In [1]:
from keras.models import Sequential, load_model
from keras.layers import Conv2D, MaxPooling2D, Flatten, Dense, Dropout
from keras.callbacks import EarlyStopping, ModelCheckpoint
from keras.applications.xception import preprocess_input
from keras.preprocessing.image import ImageDataGenerator

import numpy as np
import os


In [2]:
wd = os.path.sep.join([os.getcwd(), "data"])
train_path = os.path.sep.join([wd, "train"])
test_path = os.path.sep.join([wd, "test"])

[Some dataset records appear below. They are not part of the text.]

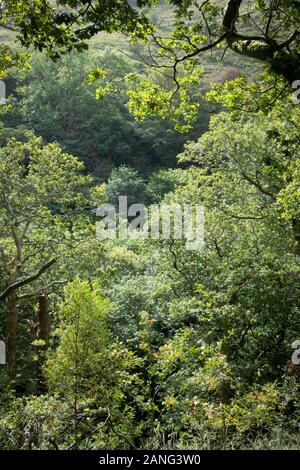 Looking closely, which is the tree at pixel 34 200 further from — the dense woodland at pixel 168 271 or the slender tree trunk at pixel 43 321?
the slender tree trunk at pixel 43 321

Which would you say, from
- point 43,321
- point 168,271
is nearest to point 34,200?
point 43,321

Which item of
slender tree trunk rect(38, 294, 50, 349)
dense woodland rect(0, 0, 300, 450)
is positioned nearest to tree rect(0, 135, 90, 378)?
dense woodland rect(0, 0, 300, 450)

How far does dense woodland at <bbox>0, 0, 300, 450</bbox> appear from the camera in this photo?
6.05m

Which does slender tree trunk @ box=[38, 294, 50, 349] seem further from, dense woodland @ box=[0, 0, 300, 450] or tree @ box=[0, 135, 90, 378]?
tree @ box=[0, 135, 90, 378]

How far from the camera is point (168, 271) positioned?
14.6 meters

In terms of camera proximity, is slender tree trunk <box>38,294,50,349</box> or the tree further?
the tree

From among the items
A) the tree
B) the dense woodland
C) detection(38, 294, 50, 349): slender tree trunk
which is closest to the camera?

## Declaration of the image generators used to train models without having to load images in cache

In [11]:
epochs = 50
callback = lambda x: [EarlyStopping(monitor='val_loss', patience=2, mode="min"), ModelCheckpoint(filepath=f"{wd}{x}_model.h5", monitor='val_loss', save_best_only=True)]
totalTrain = 166730
totalVal = 25009
totalTest = ...

In [3]:
img_datagen = ImageDataGenerator(preprocessing_function=preprocess_input, validation_split=.15)
training_gen = img_datagen.flow_from_directory(train_path, target_size=(51,51), subset="training", color_mode='rgb', batch_size=32, shuffle=True)
validation_gen = img_datagen.flow_from_directory(train_path, target_size=(51,51), subset="validation", color_mode='rgb', batch_size=32, shuffle=True)
test_gen = img_datagen.flow_from_directory(test_path, target_size=(51,51), color_mode='rgb', batch_size=32, shuffle=True)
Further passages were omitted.